Your assignment >> Retype the lines below exactly, but only those from the line that has "Edm Bombilla LED" through the line that has "Appartamento Poreč, 83,42m2". Omit every picture.

Exercise input >>

-- Opening Marker --

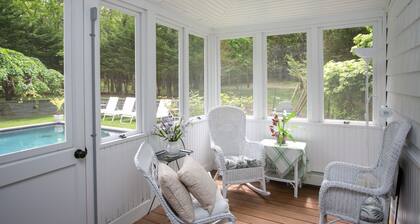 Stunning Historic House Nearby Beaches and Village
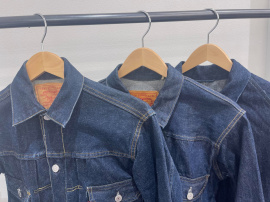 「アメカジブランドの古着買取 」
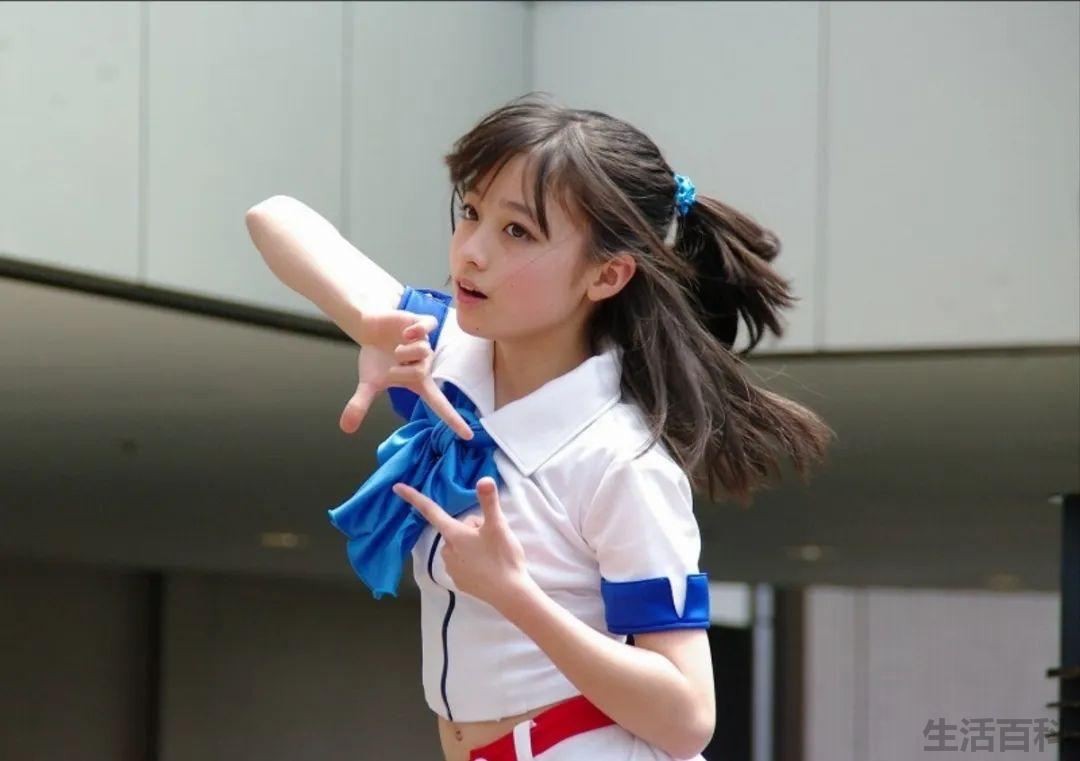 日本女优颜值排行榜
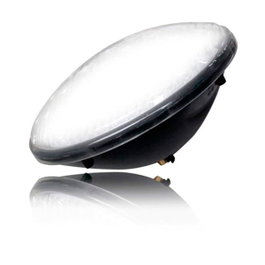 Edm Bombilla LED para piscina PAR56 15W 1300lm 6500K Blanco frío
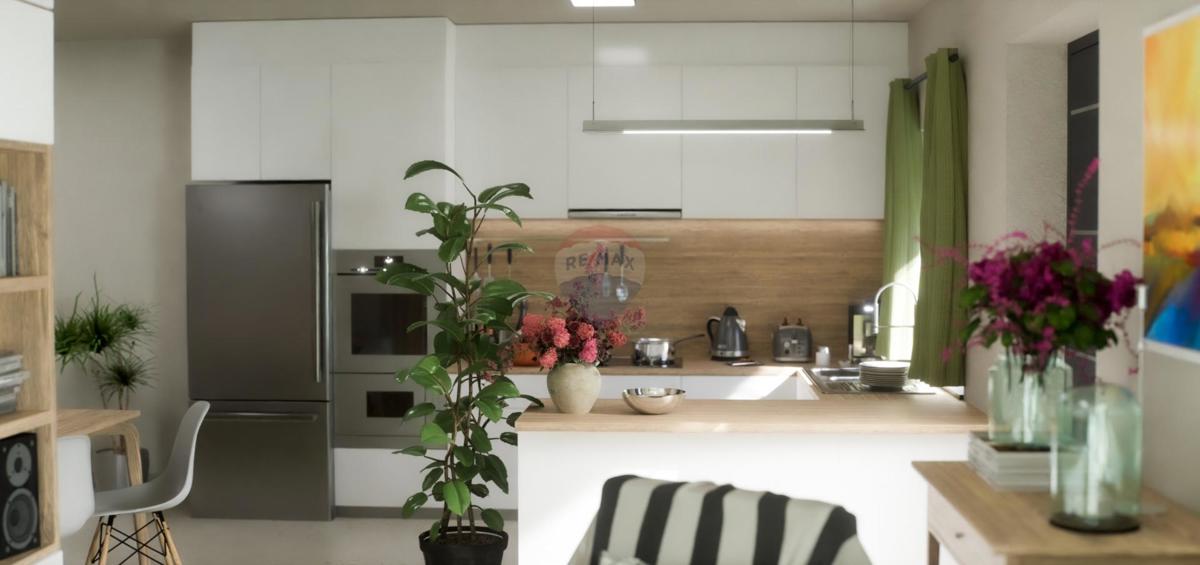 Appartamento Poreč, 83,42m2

-- Closing Marker --
-- Opening Marker --

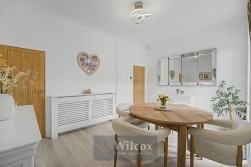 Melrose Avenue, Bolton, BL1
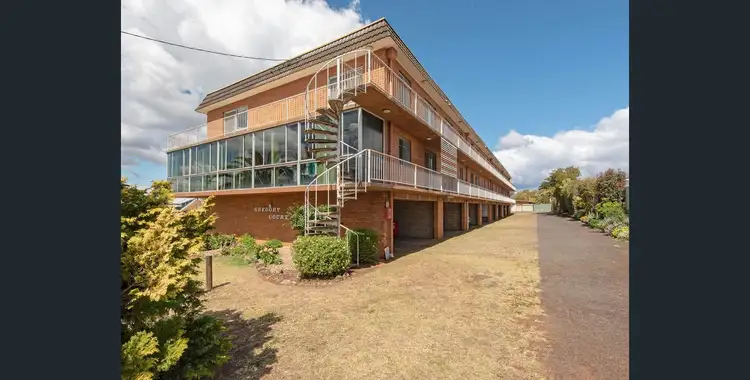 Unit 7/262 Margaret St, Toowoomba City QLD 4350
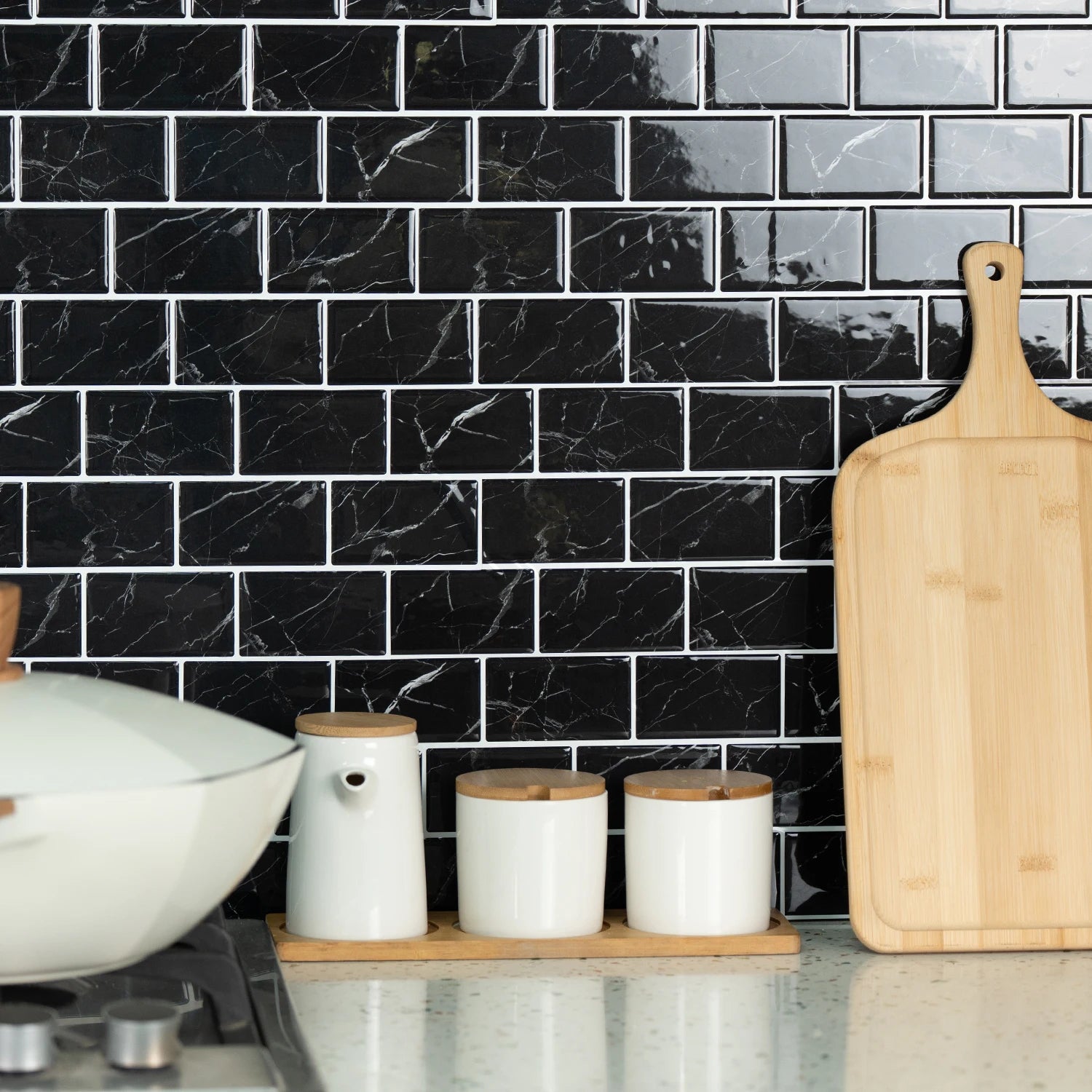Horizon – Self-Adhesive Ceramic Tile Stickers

-- Closing Marker --

Task output >>
 Edm Bombilla LED para piscina PAR56 15W 1300lm 6500K Blanco frío
 Appartamento Poreč, 83,42m2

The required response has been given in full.